Start of Collected material

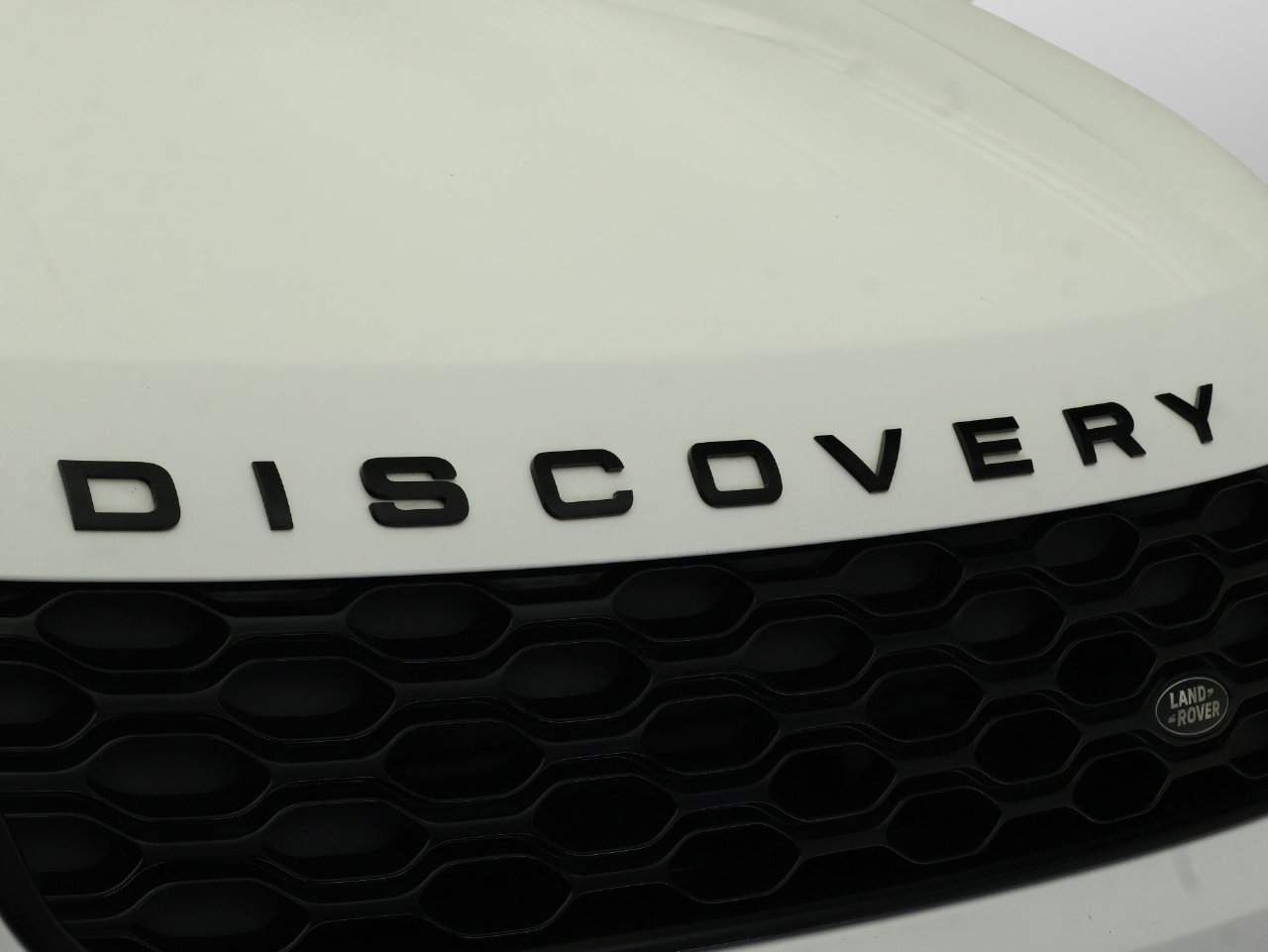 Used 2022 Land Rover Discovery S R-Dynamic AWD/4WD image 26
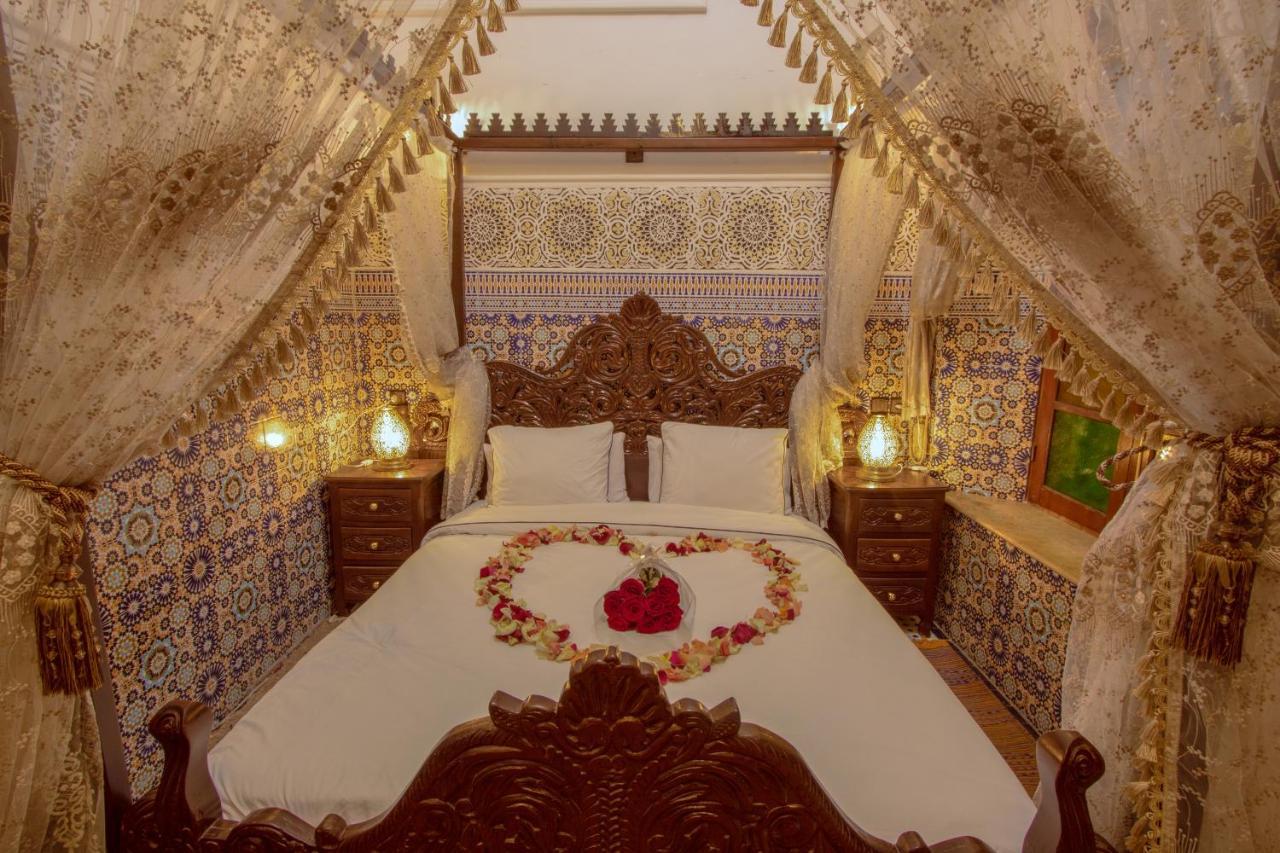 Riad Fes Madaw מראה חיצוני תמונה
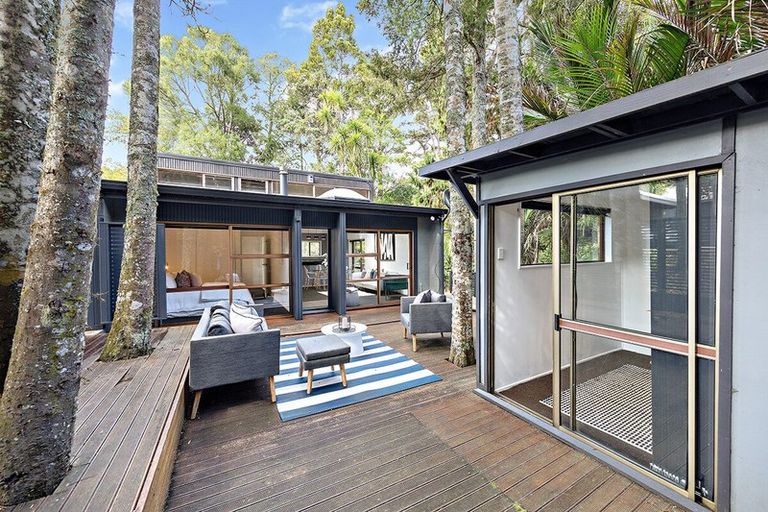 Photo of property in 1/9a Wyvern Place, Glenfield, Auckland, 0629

End of Collected material

Please output the listing above in full, exactly as given, without its images.

 Used 2022 Land Rover Discovery S R-Dynamic AWD/4WD image 26
 Riad Fes Madaw מראה חיצוני תמונה
 Photo of property in 1/9a Wyvern Place, Glenfield, Auckland, 0629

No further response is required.